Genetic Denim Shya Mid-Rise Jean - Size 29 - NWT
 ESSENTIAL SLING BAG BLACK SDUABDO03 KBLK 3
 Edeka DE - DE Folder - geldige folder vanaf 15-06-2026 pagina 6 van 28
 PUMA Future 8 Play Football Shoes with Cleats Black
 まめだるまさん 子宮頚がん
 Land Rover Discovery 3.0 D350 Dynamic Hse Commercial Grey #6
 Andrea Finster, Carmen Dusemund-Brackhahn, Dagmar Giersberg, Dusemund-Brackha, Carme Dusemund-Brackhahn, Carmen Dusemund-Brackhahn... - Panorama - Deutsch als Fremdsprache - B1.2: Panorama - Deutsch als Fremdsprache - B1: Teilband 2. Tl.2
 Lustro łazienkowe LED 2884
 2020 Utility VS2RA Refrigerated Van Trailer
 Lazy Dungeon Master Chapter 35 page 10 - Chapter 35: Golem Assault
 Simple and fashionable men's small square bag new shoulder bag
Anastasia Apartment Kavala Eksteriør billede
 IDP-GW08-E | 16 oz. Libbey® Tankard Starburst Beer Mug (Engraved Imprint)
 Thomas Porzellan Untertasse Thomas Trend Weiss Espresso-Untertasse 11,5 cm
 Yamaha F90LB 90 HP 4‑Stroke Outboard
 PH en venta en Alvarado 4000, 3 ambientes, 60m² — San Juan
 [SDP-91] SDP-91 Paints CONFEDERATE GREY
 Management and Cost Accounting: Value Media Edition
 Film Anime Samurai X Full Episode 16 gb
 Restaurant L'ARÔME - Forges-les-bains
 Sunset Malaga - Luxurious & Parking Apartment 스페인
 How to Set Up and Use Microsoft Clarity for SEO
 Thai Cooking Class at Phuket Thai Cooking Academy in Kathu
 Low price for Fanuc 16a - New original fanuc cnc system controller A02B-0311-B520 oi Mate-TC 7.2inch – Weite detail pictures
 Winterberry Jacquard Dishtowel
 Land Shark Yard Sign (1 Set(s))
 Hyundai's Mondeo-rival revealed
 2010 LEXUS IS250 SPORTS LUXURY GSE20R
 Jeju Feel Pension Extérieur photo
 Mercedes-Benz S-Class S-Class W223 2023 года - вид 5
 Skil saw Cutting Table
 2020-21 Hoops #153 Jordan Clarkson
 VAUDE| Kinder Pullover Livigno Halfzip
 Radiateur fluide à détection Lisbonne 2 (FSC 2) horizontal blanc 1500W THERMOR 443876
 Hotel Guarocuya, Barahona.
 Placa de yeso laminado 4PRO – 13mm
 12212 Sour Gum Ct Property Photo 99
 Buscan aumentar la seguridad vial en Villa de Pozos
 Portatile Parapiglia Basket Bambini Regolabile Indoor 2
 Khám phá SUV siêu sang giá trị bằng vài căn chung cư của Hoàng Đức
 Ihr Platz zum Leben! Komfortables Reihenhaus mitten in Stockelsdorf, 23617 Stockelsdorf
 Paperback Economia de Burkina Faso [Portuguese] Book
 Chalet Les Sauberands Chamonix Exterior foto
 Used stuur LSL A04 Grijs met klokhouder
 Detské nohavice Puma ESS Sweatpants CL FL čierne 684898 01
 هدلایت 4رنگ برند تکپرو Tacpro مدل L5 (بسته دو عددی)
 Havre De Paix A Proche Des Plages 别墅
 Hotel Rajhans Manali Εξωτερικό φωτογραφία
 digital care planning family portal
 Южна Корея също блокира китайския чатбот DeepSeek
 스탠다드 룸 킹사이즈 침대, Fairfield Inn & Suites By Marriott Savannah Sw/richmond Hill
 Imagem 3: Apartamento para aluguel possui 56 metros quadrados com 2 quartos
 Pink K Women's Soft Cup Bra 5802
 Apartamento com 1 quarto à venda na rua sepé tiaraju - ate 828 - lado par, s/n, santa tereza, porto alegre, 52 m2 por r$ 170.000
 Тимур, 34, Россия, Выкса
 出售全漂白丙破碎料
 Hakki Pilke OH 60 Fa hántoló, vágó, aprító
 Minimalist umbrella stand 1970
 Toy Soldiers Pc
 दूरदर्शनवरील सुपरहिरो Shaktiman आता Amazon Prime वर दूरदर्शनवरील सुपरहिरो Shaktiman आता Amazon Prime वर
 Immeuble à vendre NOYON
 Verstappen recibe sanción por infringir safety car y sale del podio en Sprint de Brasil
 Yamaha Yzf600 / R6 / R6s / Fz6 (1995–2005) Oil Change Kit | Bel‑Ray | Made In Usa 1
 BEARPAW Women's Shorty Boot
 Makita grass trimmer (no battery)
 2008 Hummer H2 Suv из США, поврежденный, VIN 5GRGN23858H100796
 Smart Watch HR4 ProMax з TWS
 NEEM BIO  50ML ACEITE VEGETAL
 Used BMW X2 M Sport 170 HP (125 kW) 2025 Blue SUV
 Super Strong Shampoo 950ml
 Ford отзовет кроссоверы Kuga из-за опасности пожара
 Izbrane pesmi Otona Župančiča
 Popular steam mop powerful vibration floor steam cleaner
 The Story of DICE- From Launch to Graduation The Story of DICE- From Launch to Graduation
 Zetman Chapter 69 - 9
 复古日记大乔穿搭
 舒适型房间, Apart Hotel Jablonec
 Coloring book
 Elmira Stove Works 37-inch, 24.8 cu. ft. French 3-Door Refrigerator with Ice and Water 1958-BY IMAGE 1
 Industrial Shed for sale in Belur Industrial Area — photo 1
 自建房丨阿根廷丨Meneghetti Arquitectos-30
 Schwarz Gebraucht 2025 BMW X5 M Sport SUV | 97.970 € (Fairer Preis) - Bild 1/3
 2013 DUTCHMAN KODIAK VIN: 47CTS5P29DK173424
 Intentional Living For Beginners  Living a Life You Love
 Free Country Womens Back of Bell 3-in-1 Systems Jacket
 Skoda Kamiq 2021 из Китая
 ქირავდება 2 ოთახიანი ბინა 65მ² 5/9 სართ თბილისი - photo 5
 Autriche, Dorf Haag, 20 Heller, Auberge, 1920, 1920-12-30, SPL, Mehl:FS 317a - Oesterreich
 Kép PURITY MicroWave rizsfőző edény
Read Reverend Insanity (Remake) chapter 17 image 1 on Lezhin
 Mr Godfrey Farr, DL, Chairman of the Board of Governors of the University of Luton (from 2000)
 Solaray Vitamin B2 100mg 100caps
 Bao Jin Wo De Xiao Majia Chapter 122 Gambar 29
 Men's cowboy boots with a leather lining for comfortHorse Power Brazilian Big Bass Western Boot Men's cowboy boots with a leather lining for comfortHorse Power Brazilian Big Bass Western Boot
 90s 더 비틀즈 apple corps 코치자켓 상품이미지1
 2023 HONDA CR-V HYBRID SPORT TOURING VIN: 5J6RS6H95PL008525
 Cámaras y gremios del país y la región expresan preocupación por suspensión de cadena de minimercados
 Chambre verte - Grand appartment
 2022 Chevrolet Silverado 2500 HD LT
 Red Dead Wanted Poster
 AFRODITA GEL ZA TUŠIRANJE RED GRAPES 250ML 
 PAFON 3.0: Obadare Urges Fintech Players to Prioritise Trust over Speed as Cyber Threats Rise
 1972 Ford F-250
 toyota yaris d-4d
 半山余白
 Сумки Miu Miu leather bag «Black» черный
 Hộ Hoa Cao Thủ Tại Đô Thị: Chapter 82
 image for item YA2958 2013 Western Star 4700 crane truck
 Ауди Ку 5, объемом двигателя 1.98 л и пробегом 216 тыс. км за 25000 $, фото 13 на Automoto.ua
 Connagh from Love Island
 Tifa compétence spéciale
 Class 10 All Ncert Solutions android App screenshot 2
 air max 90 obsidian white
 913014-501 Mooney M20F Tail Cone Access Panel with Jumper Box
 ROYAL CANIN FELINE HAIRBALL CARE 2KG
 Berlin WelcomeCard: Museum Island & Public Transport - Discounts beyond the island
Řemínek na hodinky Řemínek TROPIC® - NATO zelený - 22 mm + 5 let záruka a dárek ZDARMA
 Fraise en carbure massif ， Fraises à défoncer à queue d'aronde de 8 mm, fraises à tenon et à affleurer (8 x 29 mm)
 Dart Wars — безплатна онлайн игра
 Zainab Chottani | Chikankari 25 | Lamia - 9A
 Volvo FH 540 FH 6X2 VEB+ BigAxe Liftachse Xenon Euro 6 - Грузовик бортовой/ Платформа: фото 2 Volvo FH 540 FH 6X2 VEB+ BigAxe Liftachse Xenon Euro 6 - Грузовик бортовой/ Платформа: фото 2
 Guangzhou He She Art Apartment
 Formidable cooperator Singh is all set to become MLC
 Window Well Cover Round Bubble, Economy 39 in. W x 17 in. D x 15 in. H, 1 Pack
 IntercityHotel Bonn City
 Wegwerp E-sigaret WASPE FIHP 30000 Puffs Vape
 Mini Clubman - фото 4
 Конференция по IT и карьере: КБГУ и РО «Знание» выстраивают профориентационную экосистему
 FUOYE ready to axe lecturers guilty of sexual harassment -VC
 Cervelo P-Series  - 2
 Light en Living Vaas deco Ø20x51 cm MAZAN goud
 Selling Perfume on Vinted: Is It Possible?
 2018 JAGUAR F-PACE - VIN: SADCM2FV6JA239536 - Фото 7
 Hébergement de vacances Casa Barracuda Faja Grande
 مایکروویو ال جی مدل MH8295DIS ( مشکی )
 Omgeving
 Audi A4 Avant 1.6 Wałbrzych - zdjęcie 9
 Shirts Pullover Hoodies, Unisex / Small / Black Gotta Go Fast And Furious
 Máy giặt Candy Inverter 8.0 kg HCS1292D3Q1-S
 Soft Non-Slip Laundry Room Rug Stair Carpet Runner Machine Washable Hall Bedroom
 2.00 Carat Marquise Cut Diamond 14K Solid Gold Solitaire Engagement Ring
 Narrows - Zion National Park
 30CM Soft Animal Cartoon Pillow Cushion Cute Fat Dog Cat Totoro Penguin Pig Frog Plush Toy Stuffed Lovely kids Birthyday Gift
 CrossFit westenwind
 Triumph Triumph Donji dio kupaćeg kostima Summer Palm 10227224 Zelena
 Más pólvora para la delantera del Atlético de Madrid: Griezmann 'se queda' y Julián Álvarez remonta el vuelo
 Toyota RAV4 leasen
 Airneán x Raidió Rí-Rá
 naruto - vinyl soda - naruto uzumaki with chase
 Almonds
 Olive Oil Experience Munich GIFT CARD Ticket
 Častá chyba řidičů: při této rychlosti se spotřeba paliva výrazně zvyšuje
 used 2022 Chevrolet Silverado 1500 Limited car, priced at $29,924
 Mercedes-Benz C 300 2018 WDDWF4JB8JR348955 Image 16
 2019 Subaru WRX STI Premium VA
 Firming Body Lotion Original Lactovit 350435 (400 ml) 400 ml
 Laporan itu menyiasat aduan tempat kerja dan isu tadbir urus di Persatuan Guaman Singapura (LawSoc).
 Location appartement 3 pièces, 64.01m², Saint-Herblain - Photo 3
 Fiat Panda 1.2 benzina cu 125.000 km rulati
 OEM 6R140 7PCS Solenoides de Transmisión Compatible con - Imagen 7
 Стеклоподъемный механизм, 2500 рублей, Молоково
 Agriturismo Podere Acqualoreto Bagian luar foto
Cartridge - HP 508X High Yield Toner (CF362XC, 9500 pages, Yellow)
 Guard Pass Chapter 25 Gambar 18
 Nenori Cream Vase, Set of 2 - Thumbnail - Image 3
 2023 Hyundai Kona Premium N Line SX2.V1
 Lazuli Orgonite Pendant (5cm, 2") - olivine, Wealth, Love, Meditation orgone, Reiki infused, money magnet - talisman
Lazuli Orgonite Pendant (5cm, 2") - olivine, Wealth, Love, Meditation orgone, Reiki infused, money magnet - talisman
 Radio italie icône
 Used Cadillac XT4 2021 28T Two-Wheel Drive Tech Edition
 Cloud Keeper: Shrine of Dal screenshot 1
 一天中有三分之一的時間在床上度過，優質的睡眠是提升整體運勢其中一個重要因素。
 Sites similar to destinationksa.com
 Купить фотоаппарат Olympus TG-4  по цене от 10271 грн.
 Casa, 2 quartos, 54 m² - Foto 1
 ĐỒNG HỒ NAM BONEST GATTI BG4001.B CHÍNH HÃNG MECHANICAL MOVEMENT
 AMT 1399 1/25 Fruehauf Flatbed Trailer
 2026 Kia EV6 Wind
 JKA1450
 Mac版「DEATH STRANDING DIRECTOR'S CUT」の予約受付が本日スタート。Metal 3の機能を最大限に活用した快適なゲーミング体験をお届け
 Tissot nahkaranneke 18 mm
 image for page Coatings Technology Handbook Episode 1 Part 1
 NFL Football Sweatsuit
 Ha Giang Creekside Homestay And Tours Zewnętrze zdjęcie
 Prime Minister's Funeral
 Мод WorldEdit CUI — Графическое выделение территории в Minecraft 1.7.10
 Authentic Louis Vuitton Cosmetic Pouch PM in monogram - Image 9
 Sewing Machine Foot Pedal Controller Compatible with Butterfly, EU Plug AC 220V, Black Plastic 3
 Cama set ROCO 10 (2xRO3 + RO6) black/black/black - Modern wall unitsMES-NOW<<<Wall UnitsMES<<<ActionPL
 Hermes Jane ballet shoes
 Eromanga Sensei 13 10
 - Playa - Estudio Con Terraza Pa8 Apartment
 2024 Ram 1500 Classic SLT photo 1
==================================================
**Task details**
In the listing above, locate the line containing "Window Well Cover" and the line containing "Конференция по IT". Transcribe those two lines and everything between them, exactly as written.

**Reply**
 Window Well Cover Round Bubble, Economy 39 in. W x 17 in. D x 15 in. H, 1 Pack
 IntercityHotel Bonn City
 Wegwerp E-sigaret WASPE FIHP 30000 Puffs Vape
 Mini Clubman - фото 4
 Конференция по IT и карьере: КБГУ и РО «Знание» выстраивают профориентационную экосистему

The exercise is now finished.